## REQUIRED ACTION
Copy each line of the records that contains the word "Topf".

## MATERIAL FOR THIS EXERCISE
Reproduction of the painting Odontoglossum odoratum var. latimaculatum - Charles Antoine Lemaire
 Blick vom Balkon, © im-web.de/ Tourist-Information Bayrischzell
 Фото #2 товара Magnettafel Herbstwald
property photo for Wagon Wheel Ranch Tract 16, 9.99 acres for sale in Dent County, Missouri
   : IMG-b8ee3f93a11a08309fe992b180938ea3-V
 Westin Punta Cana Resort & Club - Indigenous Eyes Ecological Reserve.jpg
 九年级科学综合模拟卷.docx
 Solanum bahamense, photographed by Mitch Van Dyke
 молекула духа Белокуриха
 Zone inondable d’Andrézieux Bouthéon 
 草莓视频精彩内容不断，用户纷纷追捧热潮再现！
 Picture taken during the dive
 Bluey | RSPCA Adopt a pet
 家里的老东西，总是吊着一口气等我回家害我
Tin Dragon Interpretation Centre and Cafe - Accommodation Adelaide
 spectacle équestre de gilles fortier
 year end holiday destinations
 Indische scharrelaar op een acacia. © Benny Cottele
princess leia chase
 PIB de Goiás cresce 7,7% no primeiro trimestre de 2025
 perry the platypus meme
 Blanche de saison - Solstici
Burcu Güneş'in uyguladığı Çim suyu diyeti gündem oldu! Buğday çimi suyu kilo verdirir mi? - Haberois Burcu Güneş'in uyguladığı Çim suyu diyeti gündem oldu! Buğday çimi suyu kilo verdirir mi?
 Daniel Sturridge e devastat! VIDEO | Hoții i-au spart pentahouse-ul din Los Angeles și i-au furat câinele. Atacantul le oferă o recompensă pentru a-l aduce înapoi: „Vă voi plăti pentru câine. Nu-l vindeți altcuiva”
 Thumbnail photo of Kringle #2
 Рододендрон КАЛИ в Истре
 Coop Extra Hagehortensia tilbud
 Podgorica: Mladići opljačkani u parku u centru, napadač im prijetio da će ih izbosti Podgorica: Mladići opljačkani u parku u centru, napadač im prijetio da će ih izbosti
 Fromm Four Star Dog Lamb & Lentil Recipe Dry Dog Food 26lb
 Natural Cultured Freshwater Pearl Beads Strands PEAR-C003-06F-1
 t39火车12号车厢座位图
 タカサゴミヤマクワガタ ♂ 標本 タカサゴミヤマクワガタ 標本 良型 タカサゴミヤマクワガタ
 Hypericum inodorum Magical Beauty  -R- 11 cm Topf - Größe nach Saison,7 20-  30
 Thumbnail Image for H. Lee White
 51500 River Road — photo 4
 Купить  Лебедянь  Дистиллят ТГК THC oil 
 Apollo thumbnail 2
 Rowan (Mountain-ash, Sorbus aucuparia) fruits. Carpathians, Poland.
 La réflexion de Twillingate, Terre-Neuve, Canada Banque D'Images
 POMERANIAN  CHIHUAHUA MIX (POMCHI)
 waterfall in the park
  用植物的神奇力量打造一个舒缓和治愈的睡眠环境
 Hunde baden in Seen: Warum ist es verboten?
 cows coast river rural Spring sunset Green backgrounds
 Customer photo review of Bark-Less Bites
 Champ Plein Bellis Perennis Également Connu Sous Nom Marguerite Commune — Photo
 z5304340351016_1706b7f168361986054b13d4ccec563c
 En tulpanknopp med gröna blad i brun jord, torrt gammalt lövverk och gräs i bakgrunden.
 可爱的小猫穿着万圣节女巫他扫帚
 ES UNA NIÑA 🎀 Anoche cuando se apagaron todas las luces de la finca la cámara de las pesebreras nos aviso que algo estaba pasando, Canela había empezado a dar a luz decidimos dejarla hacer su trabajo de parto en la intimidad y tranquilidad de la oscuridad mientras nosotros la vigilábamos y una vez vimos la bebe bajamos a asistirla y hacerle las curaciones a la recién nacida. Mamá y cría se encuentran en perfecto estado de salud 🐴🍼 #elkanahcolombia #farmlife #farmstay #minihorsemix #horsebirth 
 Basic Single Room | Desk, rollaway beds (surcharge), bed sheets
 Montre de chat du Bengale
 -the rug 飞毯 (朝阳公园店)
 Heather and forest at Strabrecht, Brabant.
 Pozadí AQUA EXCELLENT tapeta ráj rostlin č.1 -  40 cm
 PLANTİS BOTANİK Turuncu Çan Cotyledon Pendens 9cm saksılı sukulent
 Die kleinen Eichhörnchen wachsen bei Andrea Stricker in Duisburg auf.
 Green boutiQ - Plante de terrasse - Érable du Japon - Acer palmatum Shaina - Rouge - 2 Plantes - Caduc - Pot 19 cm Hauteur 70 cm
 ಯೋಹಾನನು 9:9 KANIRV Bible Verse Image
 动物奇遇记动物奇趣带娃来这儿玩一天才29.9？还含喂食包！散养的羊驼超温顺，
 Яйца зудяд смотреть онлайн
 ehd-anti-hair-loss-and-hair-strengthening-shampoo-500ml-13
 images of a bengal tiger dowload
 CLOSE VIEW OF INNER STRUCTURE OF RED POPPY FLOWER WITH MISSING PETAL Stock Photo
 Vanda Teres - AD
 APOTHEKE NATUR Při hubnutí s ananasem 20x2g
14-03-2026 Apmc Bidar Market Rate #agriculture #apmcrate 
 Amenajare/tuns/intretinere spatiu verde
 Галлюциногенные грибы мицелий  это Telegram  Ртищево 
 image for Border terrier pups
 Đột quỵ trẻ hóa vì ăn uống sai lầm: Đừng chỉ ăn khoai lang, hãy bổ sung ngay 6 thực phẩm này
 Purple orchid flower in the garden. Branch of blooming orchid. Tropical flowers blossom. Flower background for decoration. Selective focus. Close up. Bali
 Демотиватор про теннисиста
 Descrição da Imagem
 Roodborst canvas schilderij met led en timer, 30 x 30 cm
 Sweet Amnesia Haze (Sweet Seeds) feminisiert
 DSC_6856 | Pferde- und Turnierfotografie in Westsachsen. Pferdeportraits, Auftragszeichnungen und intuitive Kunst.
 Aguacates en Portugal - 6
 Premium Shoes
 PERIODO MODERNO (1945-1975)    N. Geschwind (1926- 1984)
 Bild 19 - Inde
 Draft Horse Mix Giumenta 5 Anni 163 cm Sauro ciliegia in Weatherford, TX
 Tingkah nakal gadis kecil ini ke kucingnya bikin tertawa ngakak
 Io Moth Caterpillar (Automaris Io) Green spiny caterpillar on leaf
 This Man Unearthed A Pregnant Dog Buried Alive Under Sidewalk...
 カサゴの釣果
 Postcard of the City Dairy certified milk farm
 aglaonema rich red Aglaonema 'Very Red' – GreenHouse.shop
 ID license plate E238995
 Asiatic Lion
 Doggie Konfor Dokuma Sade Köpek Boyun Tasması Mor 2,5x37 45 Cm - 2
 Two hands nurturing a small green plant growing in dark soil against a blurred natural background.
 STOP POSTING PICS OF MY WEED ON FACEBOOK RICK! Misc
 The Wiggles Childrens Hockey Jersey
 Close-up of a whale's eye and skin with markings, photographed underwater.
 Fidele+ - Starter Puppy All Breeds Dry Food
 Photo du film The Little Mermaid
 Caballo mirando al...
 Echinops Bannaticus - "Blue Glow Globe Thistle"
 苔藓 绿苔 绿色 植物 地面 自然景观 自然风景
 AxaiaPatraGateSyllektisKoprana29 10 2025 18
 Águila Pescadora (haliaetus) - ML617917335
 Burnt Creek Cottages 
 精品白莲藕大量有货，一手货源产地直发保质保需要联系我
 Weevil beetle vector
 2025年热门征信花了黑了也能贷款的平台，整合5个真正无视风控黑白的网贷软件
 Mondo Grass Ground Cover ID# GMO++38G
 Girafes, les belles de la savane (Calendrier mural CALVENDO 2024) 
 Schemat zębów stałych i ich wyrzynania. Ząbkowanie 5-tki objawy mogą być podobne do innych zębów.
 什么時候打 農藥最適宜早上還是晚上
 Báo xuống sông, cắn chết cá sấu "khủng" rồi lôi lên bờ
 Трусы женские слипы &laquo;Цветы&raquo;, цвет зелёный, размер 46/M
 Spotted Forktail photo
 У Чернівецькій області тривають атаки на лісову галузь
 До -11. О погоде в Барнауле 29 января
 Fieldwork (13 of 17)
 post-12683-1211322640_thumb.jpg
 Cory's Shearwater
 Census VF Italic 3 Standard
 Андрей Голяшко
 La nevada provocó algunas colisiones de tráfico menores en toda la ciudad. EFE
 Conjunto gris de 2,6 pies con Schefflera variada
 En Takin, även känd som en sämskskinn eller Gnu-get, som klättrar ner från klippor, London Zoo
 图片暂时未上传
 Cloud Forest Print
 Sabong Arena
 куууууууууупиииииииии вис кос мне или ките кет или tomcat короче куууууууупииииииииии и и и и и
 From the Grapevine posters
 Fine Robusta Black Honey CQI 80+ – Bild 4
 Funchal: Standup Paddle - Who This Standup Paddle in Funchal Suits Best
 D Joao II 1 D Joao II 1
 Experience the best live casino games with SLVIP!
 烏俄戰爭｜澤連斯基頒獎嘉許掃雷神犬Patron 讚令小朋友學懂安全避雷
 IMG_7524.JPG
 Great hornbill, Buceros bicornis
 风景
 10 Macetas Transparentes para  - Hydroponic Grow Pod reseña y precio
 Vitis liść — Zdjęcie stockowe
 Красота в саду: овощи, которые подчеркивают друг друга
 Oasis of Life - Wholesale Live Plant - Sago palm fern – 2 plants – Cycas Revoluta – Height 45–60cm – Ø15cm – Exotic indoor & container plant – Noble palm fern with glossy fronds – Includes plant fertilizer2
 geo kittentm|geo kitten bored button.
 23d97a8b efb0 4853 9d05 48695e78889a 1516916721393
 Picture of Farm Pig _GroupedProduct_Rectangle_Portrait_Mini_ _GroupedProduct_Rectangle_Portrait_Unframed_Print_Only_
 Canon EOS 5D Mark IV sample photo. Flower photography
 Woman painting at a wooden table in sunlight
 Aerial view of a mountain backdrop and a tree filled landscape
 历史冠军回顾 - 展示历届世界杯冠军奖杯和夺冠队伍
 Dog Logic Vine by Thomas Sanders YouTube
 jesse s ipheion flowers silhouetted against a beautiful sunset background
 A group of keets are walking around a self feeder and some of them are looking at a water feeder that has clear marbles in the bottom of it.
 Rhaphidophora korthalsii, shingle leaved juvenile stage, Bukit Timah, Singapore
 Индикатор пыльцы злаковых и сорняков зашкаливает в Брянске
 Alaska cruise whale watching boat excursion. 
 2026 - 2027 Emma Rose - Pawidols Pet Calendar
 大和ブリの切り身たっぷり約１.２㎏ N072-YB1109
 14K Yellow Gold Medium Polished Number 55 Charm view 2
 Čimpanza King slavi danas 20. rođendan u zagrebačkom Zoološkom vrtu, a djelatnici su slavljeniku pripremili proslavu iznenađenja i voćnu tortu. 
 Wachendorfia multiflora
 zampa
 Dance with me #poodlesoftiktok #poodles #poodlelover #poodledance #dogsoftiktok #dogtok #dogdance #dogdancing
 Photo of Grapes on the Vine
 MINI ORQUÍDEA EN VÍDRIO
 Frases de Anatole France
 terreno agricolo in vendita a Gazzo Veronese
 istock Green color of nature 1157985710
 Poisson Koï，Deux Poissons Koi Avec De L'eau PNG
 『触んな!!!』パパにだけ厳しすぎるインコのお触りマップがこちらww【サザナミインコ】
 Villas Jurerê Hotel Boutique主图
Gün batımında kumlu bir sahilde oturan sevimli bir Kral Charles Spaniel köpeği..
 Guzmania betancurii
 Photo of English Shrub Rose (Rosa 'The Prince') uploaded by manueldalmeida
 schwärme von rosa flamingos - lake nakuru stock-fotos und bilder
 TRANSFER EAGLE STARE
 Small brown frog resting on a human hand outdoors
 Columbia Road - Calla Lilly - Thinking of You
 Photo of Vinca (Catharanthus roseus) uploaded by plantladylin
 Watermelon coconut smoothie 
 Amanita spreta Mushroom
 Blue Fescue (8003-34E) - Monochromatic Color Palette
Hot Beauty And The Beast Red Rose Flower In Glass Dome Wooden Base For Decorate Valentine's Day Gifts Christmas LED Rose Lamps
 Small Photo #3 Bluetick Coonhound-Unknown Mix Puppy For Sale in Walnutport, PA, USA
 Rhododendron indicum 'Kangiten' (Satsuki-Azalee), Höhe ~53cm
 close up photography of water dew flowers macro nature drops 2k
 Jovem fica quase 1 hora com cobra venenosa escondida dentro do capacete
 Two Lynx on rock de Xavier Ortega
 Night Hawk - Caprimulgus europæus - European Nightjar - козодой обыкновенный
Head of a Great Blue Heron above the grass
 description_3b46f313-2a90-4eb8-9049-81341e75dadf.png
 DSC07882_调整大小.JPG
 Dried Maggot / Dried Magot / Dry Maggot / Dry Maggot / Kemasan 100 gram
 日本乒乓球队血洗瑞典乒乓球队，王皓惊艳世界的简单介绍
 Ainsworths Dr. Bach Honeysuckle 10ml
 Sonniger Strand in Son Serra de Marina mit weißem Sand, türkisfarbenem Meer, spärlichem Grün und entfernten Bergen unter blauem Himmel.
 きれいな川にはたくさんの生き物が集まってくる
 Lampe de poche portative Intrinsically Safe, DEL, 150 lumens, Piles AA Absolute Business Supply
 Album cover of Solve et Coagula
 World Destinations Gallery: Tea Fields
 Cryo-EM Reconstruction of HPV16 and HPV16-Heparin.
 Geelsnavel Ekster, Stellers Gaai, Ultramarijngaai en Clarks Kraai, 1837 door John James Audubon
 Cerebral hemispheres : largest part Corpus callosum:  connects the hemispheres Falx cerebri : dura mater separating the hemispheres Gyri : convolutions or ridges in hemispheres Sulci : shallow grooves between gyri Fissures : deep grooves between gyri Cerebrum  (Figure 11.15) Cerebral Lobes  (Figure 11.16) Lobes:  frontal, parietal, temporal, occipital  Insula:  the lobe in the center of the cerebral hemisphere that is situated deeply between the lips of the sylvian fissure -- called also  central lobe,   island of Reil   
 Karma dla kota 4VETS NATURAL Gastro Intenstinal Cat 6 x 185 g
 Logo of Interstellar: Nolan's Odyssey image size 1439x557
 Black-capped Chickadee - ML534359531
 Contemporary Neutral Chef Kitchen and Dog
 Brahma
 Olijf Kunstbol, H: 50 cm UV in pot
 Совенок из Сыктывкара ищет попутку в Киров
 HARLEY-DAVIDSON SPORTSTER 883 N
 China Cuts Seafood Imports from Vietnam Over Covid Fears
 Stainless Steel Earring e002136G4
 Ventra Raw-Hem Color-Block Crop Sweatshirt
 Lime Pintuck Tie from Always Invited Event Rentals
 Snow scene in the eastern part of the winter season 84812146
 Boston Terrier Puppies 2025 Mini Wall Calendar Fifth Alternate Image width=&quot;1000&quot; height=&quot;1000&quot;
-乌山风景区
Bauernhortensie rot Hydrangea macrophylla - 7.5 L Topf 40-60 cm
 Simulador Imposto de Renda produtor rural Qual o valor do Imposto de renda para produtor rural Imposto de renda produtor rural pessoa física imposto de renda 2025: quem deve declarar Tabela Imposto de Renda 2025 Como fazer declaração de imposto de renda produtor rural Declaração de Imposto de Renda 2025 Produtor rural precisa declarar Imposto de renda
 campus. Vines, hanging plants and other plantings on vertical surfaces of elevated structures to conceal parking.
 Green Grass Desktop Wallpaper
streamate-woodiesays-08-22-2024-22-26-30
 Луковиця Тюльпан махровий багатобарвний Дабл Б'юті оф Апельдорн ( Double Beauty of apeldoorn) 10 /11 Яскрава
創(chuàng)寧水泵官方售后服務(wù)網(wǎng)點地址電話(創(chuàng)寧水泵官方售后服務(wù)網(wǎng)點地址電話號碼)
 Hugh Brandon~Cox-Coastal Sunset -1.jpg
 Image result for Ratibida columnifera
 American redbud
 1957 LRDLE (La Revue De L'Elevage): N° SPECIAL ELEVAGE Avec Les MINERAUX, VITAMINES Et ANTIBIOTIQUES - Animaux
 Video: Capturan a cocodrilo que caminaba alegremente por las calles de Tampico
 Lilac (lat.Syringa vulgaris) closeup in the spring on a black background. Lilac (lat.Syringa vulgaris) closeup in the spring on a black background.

## RESPONSE AREA
 Hypericum inodorum Magical Beauty  -R- 11 cm Topf - Größe nach Saison,7 20-  30
Bauernhortensie rot Hydrangea macrophylla - 7.5 L Topf 40-60 cm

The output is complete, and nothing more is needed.